第1回 平成16年(2004年)2月8日掲載

 カワラヒワという鳥


 
 鳥の鳴き声には、地鳴きとさえずりの2種類があります。
 例えばヒバリ。太陽に届くほど高く舞い上がって歌い続けるのがさえずり。地上で小さくビルッとつぶやくのが地鳴き。
 ホオジロの場合は、冬の間は草むらの中でチチッとちいさな声で地鳴きをして、暖かくなると梢で胸を張り、たからかに複雑な美声でさえずり始めます。
 要するに、春から初夏にかけての繁殖の時期に、主にオスが高らかに複雑な声で鳴き、メスを引きつけ縄張り宣言をするのが「さえずり」。

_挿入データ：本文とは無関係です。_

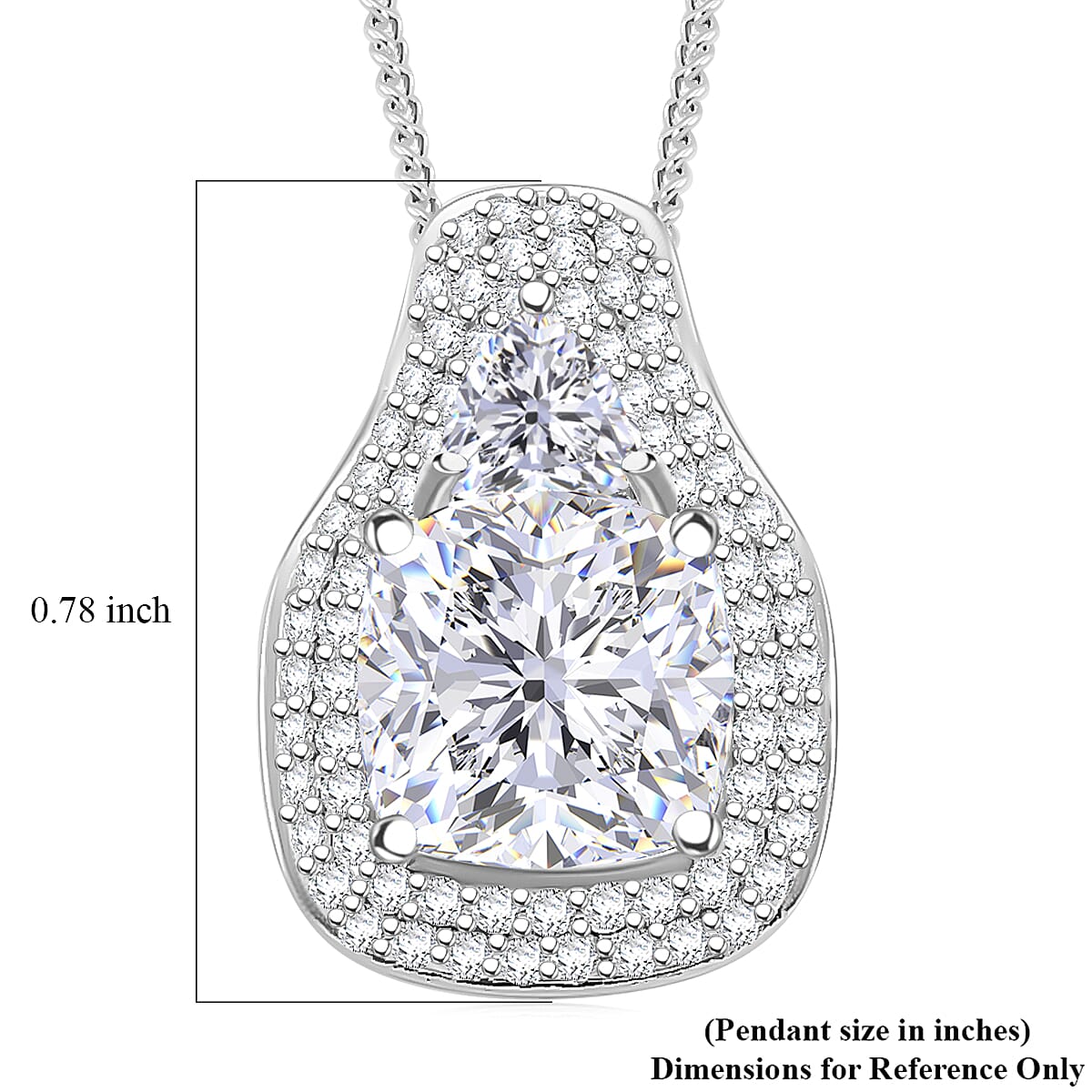D'Joy Moissanite Legacy Sparkle Pendant Necklace in Rhodium Over Sterling Silver 4.40 ctw (18 Inches)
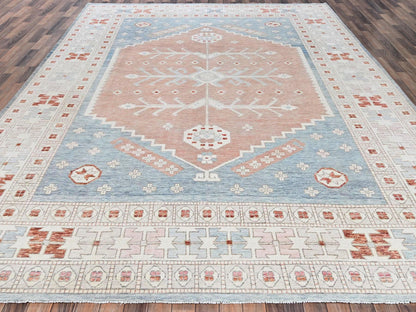 Oushak hand-knotted wool rug in Pink & Ivory, 9'10" x 13'5" — SKU O01972 (view 2)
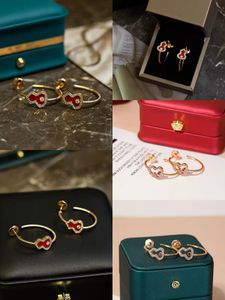 Fashion Earring Designer Leaf clover ear ring qeelin pendants mother-of pearl stud stainless steel plate 18k gold rose Studs diamond for girl Valentines Mothers Day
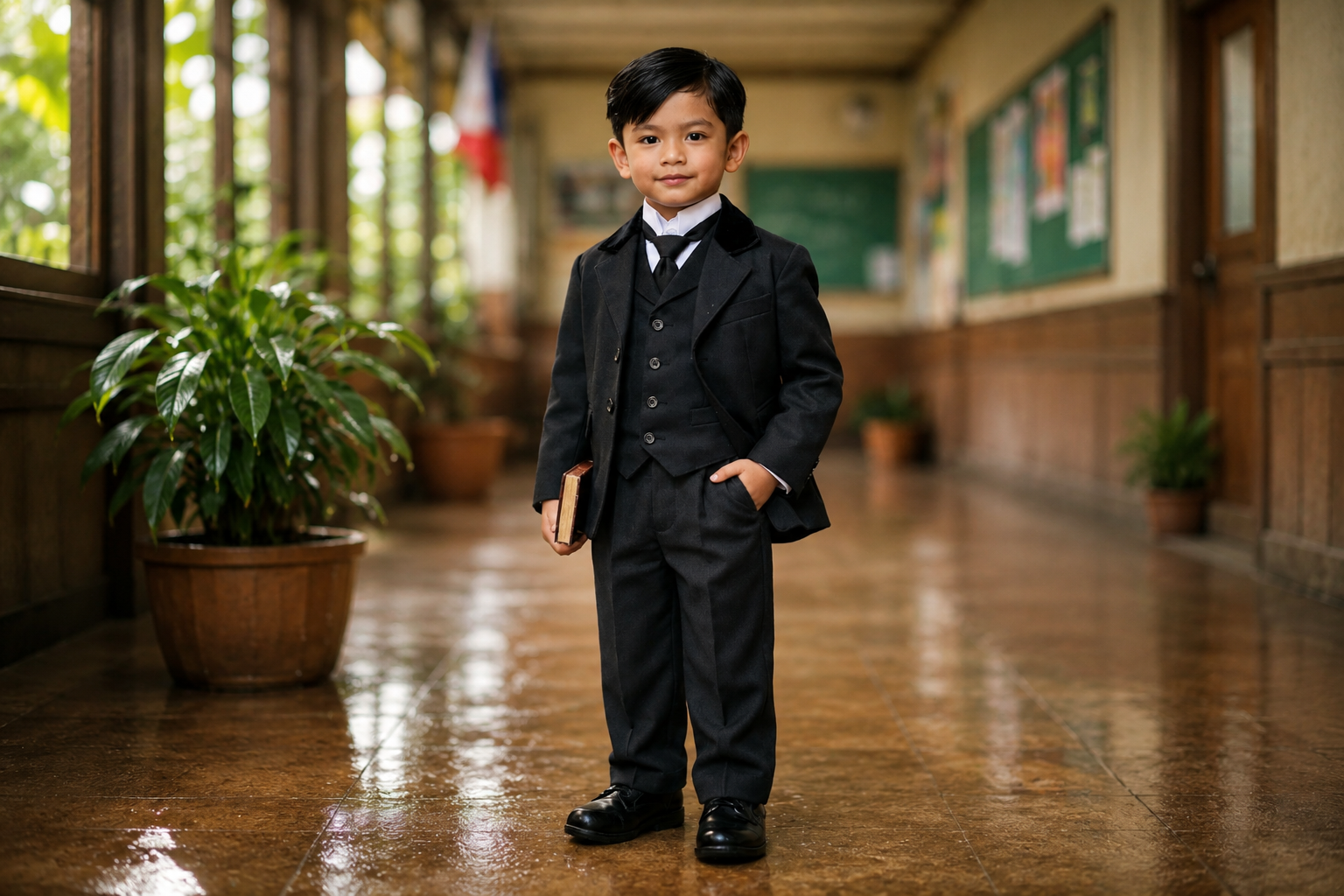 a ayoung boy wearing Dr. Jose Rizal costume
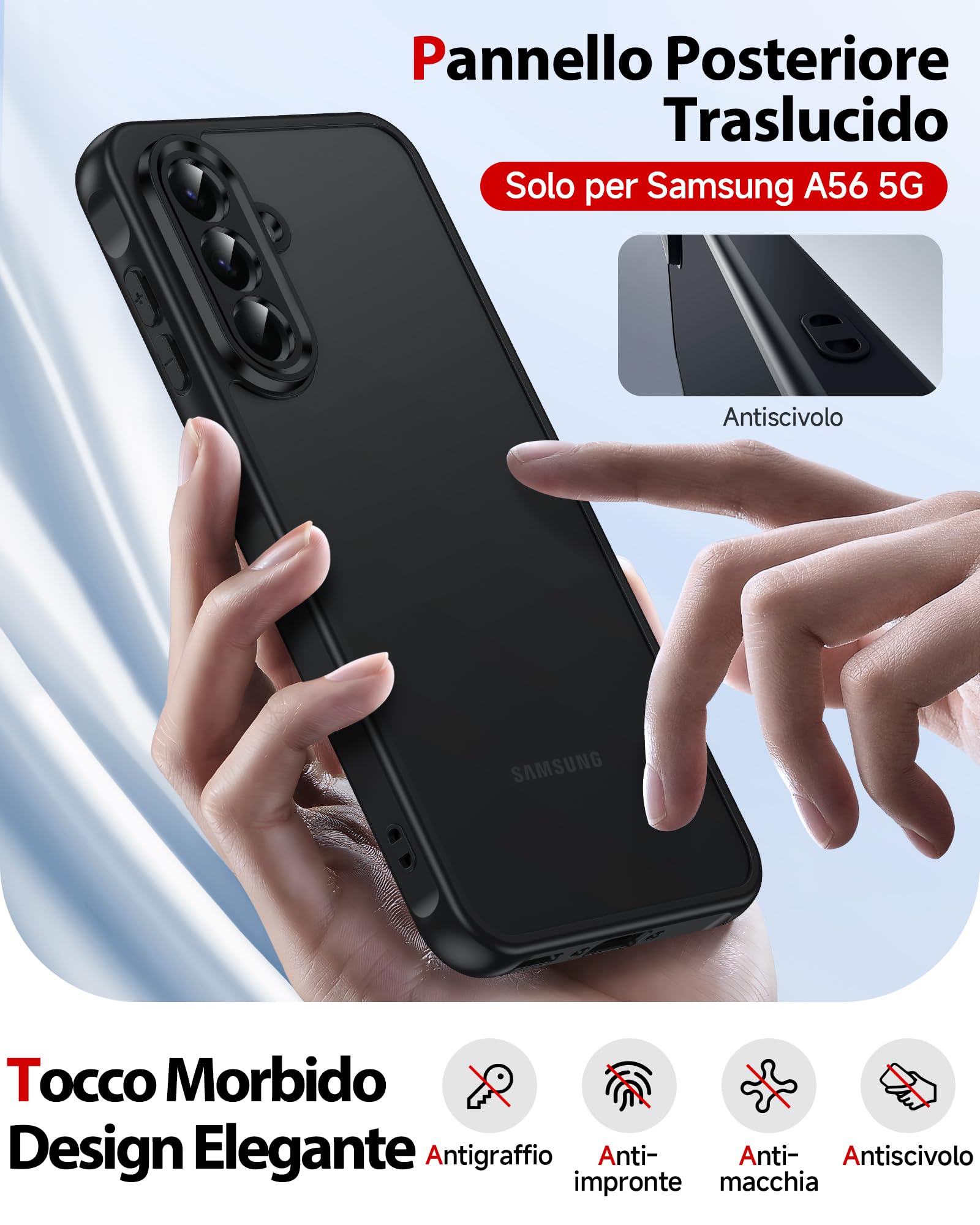 LeYi Cover per Samsung Galaxy A56 5G con 2 Vetro Temperato, Custodia per A 56 Protezione Fotocamera Traslucida Opaca Anti-Impronte Resistente ai Graffi Paraurti in TPU Antiurto Protettiva Case, Nero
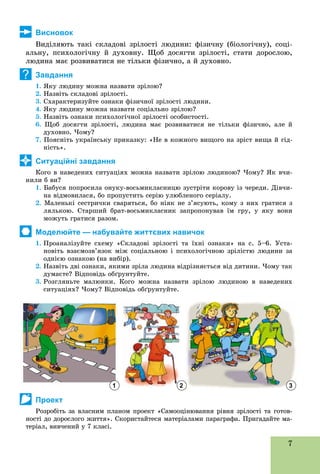 7
Висновок
Âèäіëÿþòü òàêі ñêëàäîâі çðіëîñòі ëþäèíè: ôіçè÷íó (áіîëîãі÷íó), ñîöі-
àëüíó, ïñèõîëîãі÷íó é äóõîâíó. Ùîá äîñÿãòè çðіëîñòі, ñòàòè äîðîñëîþ,
ëþäèíà ìàє ðîçâèâàòèñÿ íå òіëüêè ôіçè÷íî, à é äóõîâíî.
Завдання
1. ßêó ëþäèíó ìîæíà íàçâàòè çðіëîþ?
2. Íàçâіòü ñêëàäîâі çðіëîñòі.
3. Ñõàðàêòåðèçóéòå îçíàêè ôіçè÷íîї çðіëîñòі ëþäèíè.
4. ßêó ëþäèíó ìîæíà íàçâàòè ñîöіàëüíî çðіëîþ?
5. Íàçâіòü îçíàêè ïñèõîëîãі÷íîї çðіëîñòі îñîáèñòîñòі.
6. Ùîá äîñÿãòè çðіëîñòі, ëþäèíà ìàє ðîçâèâàòèñÿ íå òіëüêè ôіçè÷íî, àëå é
äóõîâíî. ×îìó?
7. Ïîÿñíіòü óêðàїíñüêó ïðèêàçêó: «Íå â êîæíîãî âèùîãî íà çðіñò âèùà é ãіä-
íіñòü».
Ситуаційні завдання
Êîãî â íàâåäåíèõ ñèòóàöіÿõ ìîæíà íàçâàòè çðіëîþ ëþäèíîþ? ×îìó? ßê â÷è-
íèëè á âè?
1. Áàáóñÿ ïîïðîñèëà îíóêó-âîñüìèêëàñíèöþ çóñòðіòè êîðîâó іç ÷åðåäè. Äіâ÷è-
íà âіäìîâèëàñÿ, áî ïðîïóñòèòü ñåðіþ óëþáëåíîãî ñåðіàëó.
2. Ìàëåíüêі ñåñòðè÷êè ñâàðÿòüñÿ, áî íіÿê íå ç’ÿñóþòü, êîìó ç íèõ ãðàòèñÿ ç
ëÿëüêîþ. Ñòàðøèé áðàò-âîñüìèêëàñíèê çàïðîïîíóâàâ їì ãðó, ó ÿêó âîíè
ìîæóòü ãðàòèñÿ ðàçîì.
Моделюйте — набувайте життєвих навичок
1. Ïðîàíàëіçóéòå ñõåìó «Ñêëàäîâі çðіëîñòі òà їõíі îçíàêè» íà ñ. 5–6. Óñòà-
íîâіòü âçàєìîçâ’ÿçîê ìіæ ñîöіàëüíîþ і ïñèõîëîãі÷íîþ çðіëіñòþ ëþäèíè çà
îäíієþ îçíàêîþ (íà âèáіð).
2. Íàçâіòü äâі îçíàêè, ÿêèìè çðіëà ëþäèíà âіäðіçíÿєòüñÿ âіä äèòèíè. ×îìó òàê
äóìàєòå? Âіäïîâіäü îáґðóíòóéòå.
3. Ðîçãëÿíüòå ìàëþíêè. Êîãî ìîæíà íàçâàòè çðіëîþ ëþäèíîþ â íàâåäåíèõ
ñèòóàöіÿõ? ×îìó? Âіäïîâіäü îáґðóíòóéòå.
Проект
Ðîçðîáіòü çà âëàñíèì ïëàíîì ïðîåêò «Ñàìîîöіíþâàííÿ ðіâíÿ çðіëîñòі òà ãîòîâ-
íîñòі äî äîðîñëîãî æèòòÿ». Ñêîðèñòàéòåñÿ ìàòåðіàëàìè ïàðàãðàôà. Ïðèãàäàéòå ìà-
òåðіàë, âèâ÷åíèé ó 7 êëàñі.
?
1 2 3
 
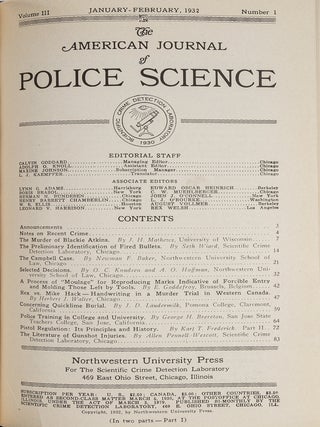 American Journal of Police Science. Vols. 1-3 (1930-1932)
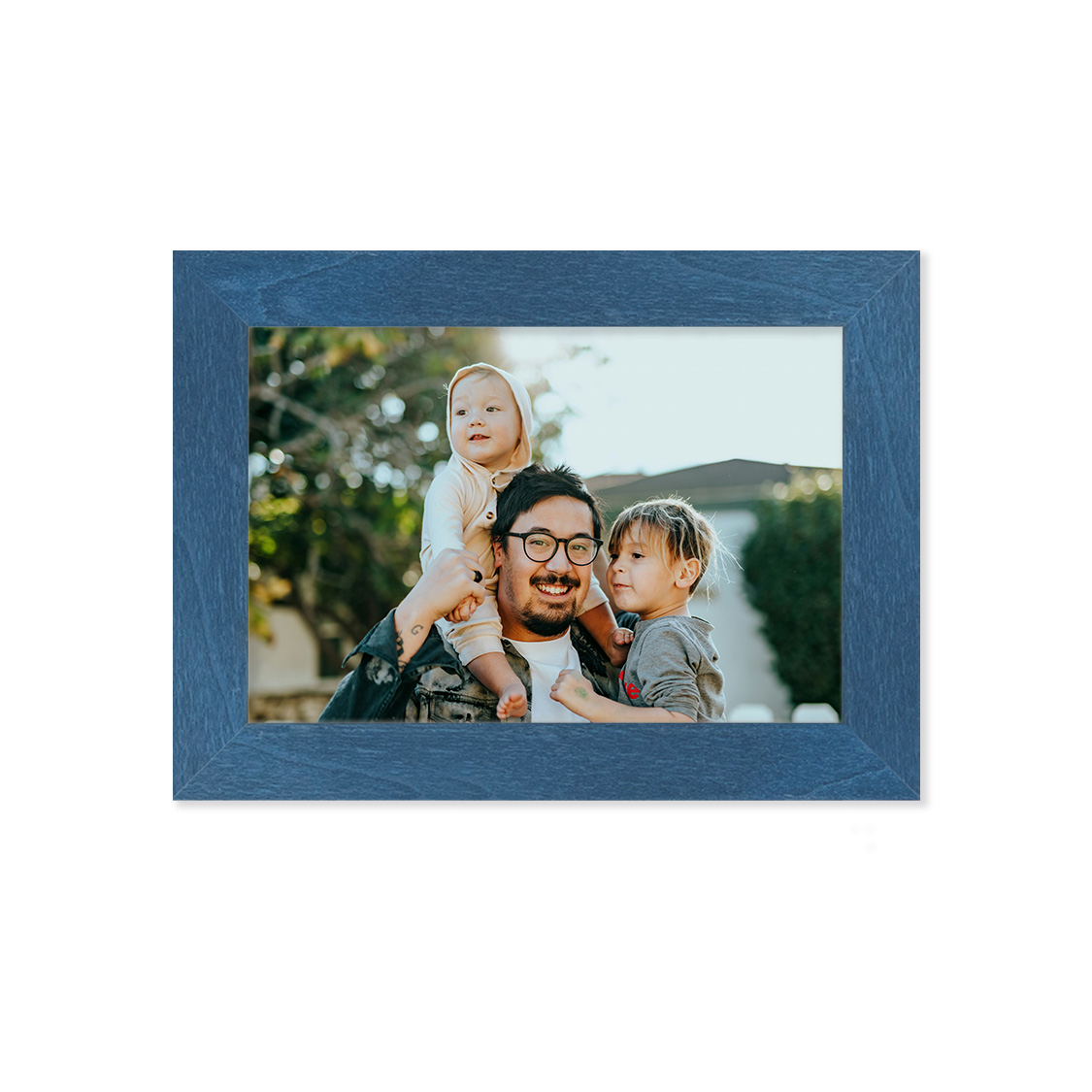 orchid frame - royal blue wood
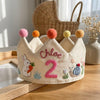 Custom Name Storybook Rabbit Birthday Crown, Hand Embroidered Woodland Linen Hat, Snail & Bunny Crown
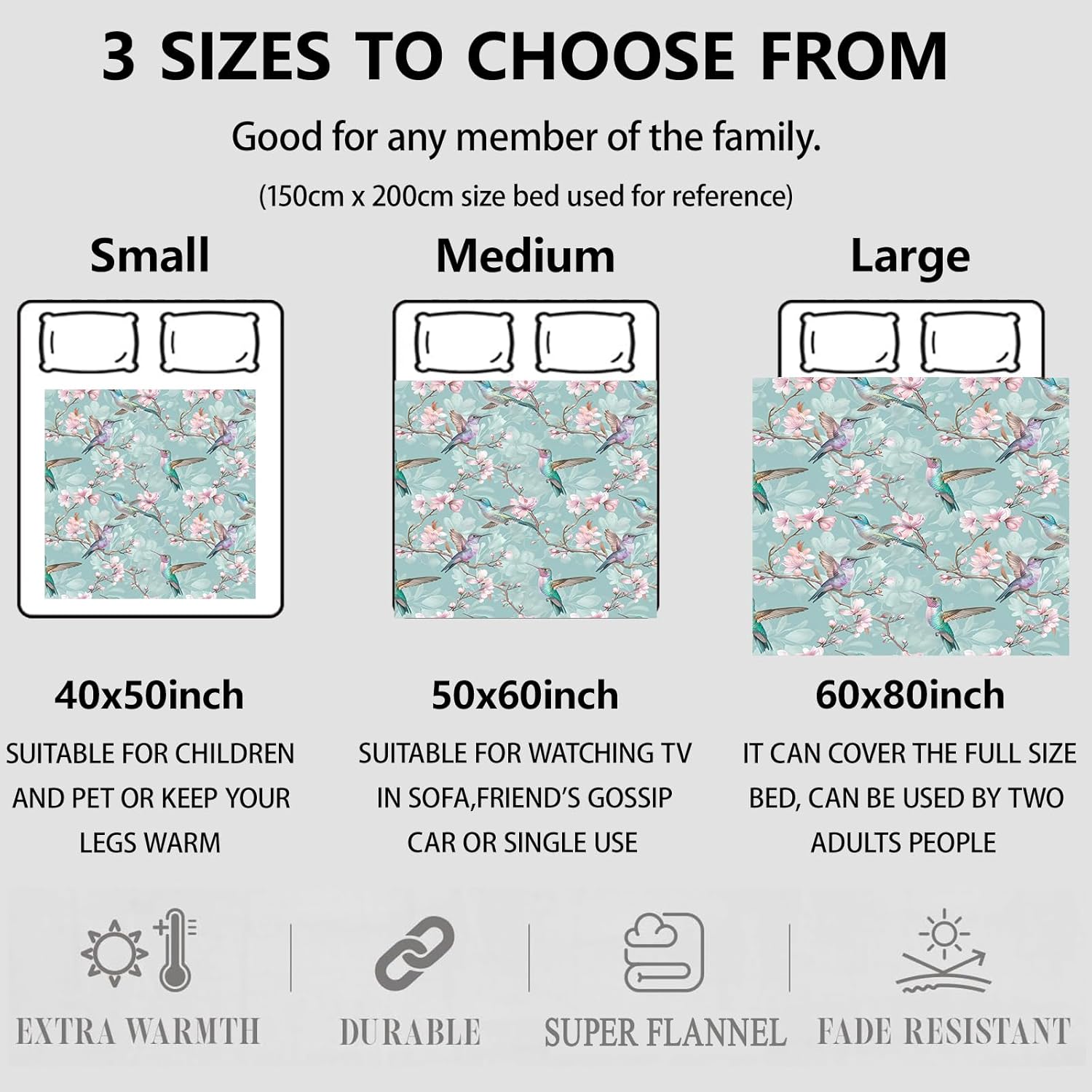 Vibrant Hummingbirds Throw Blanket Gifts for Women Adults Girls, Soft Fuzzy Warm Cozy Flannel Blankets for Bedroom, Travel, Couch, Home Decor 50x60 in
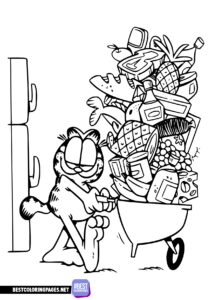 Garfield with shopping coloring page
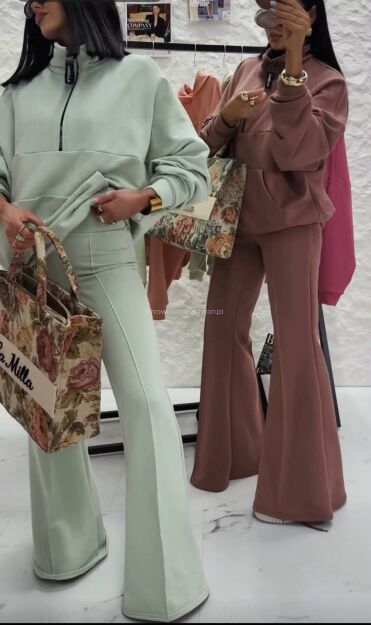 LA MILLA SPODNIE DZWONY Z PRZESZYCIEM MIĘTA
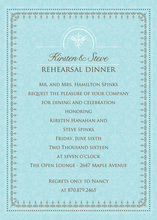Antique Blue Border Formal Invitations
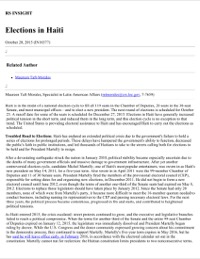 (2015-10) CRS - Elections in Haiti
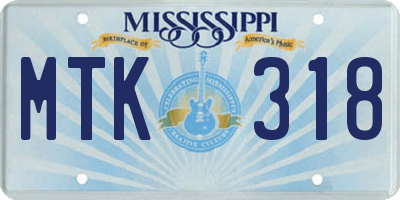 MS license plate MTK318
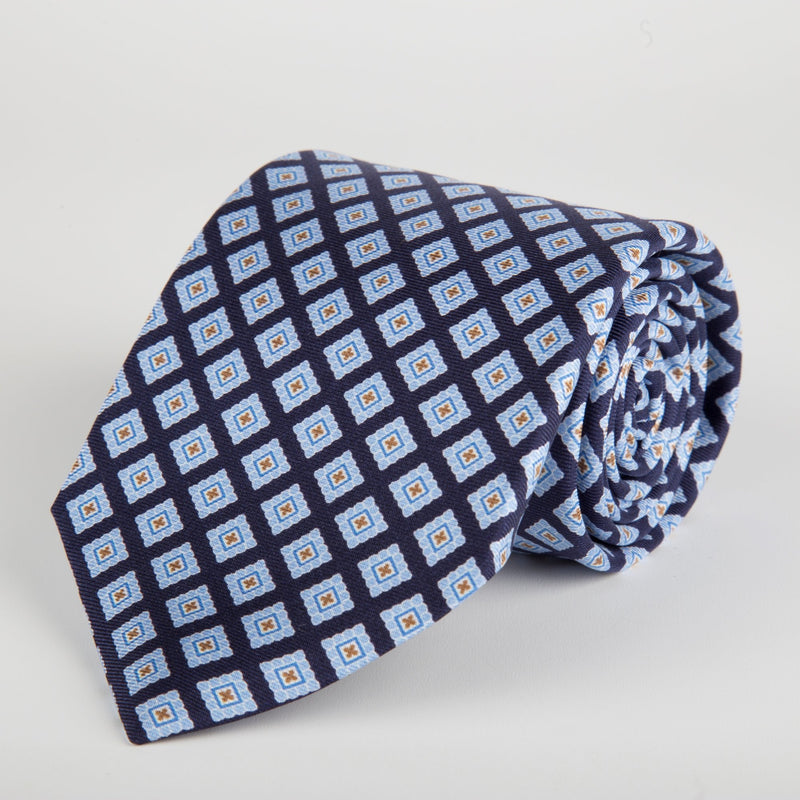 Navy Geometric Flower Block Printed Silk Tie - British Made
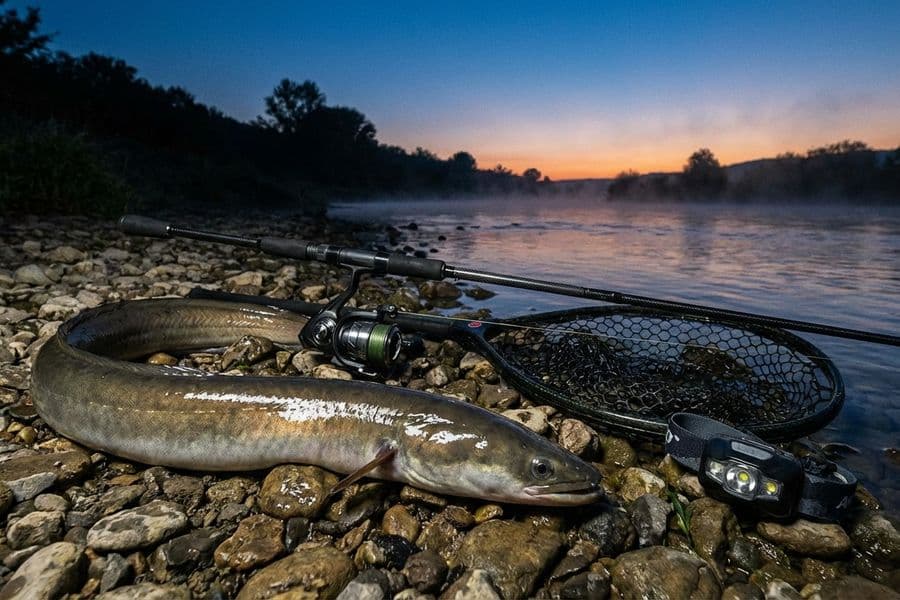 Kapitaler Herbstaal am nebligen See bei Dämmerung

それ以外の時期、お互いの位置確認のためなどに鳴く単調で地味な鳴き方を「地鳴き」と言うわけです。
 カワラヒワという鳥がいます。
 スズメと同じくらいの大きさで、住宅地や市街地でも見ることができます。ヒマワリの種も割って食べられるスズメより太めのくちばし、翼の黄色の斑模様が特徴の鳥です。
 世界の分類の上ではカナリアに比較的近いだけあって、地鳴きもキリキリコロコロ、キリリなどと結構複雑できれいな声です。
 ところがこの鳥、これから暖かくなると、電線の上などで、ビーン、ビーンと、極めて単純で、強い声で鳴き始めます。全く別な鳥のような感じです。
 よく聞けば、キリキリコロコロとも鳴いていますが、あまりにもビーンが強いものですから、この鳥だけは、さえずりが地鳴きより単純な声に聞こえてしまいます。不思議なさえずりです。
 暖かい日、ビーン、ビーンと声を張り上げている鳥がいたら、見上げてみてください。その鳥の尾の先がふたつに分かれて見えたら、それがカワラヒワです。
 飛んだ時に、翼が透けるように黄色く見えたら、もう間違いありません。双眼鏡も要らない、町の中でできるバードウォッチングの始まりです。